* _Try it_
Leaving out every picture, quote the data below exactly as it appears.

* _Recorded information_
——
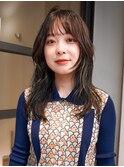 レイヤーロング インナーカラー エアリーロング 前髪カット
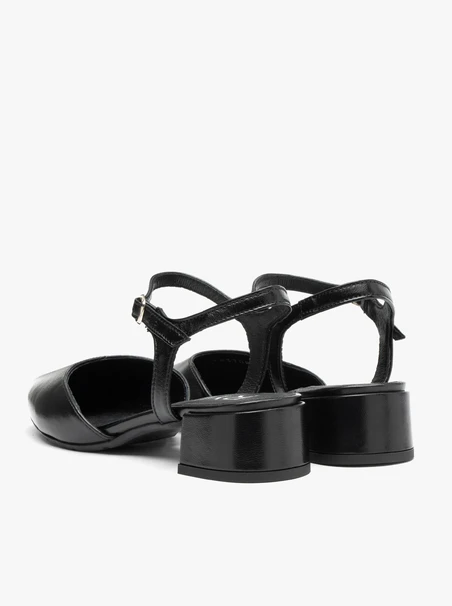 Black slingback pumps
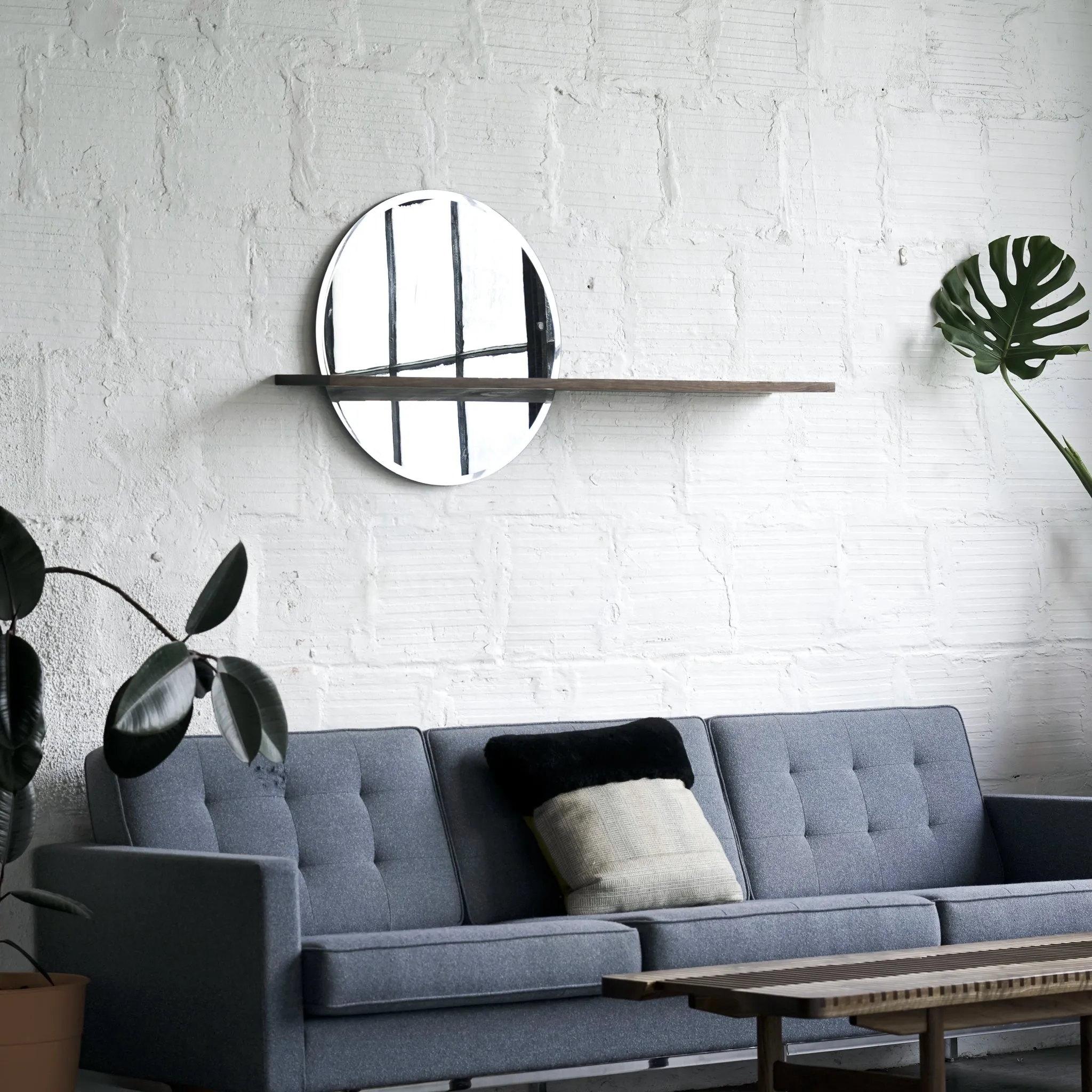 Floating Mirror Hardwood Shelf - Large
——
* _Answer to this task_
 レイヤーロング インナーカラー エアリーロング 前髪カット
 Black slingback pumps
 Floating Mirror Hardwood Shelf - Large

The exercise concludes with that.